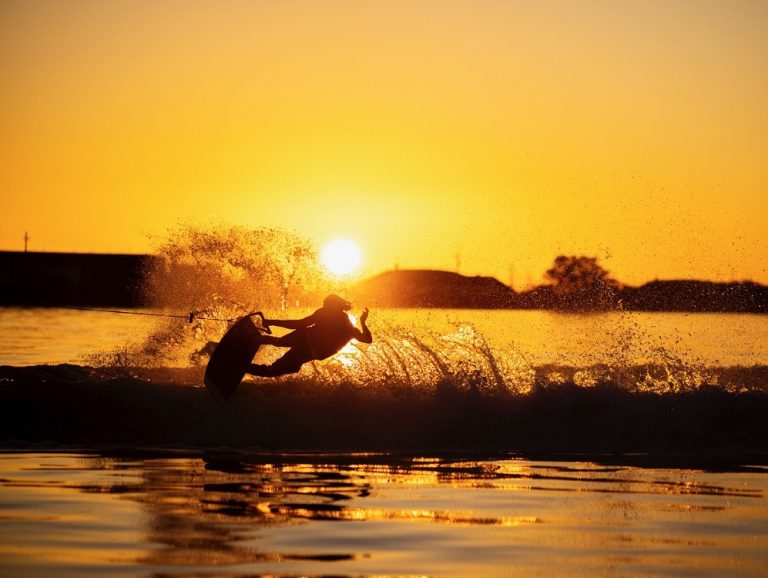 Mondiali di Wakeboard Lago del Salto, Alice Virag e Massimiliano Piffaretti ci presentano la manifestazione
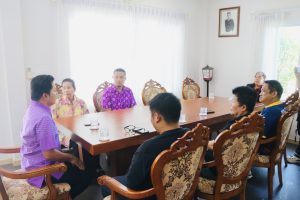ชลบุรี-สจ.สัตหีบ ปรับความเข้าใจกับนักข่าว พร้อมยอมรับผิดและขอโทษกับเหตุการณ์ที่เกิดขึ้น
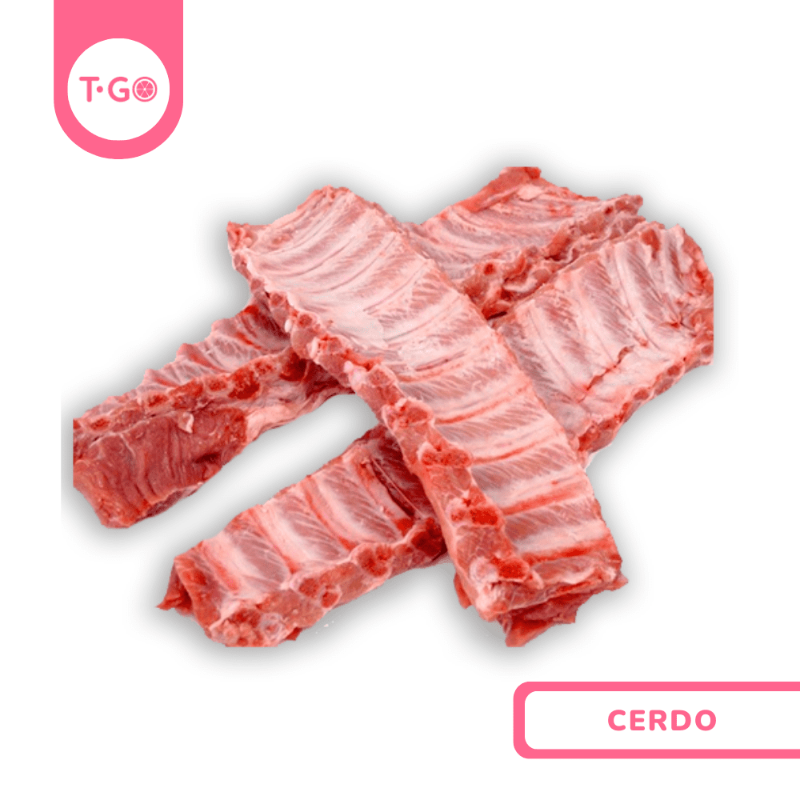 Costilla de Cerdo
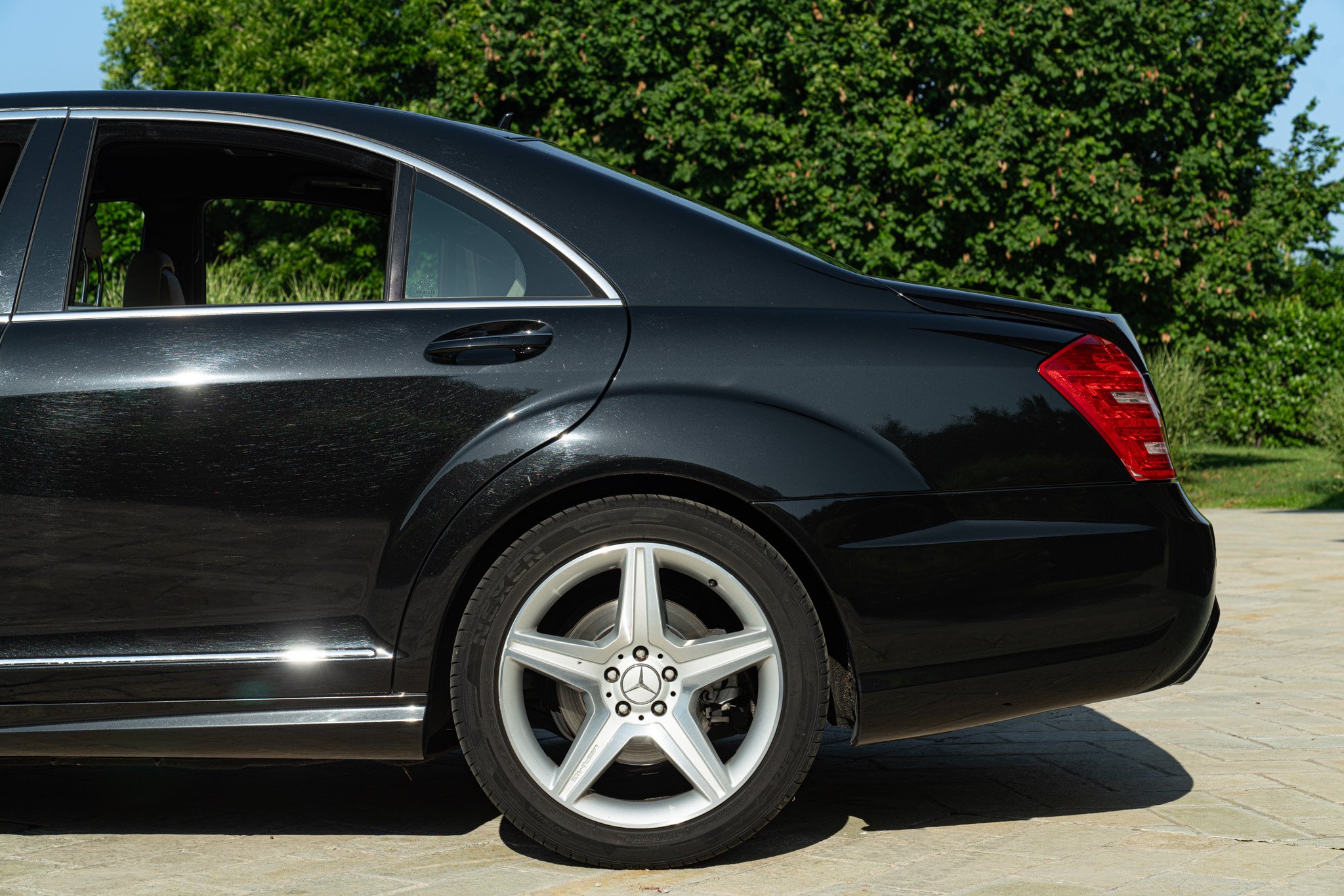 Mercedes Benz S 350 CDI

==========

◆ TASK INSTRUCTIONS:
Pictures do not belong in the copy; repeat the rest of the listing exactly.

◆ THE COMPLETED TASK:
 Mondiali di Wakeboard Lago del Salto, Alice Virag e Massimiliano Piffaretti ci presentano la manifestazione
ชลบุรี-สจ.สัตหีบ ปรับความเข้าใจกับนักข่าว พร้อมยอมรับผิดและขอโทษกับเหตุการณ์ที่เกิดขึ้น
 Costilla de Cerdo
 Mercedes Benz S 350 CDI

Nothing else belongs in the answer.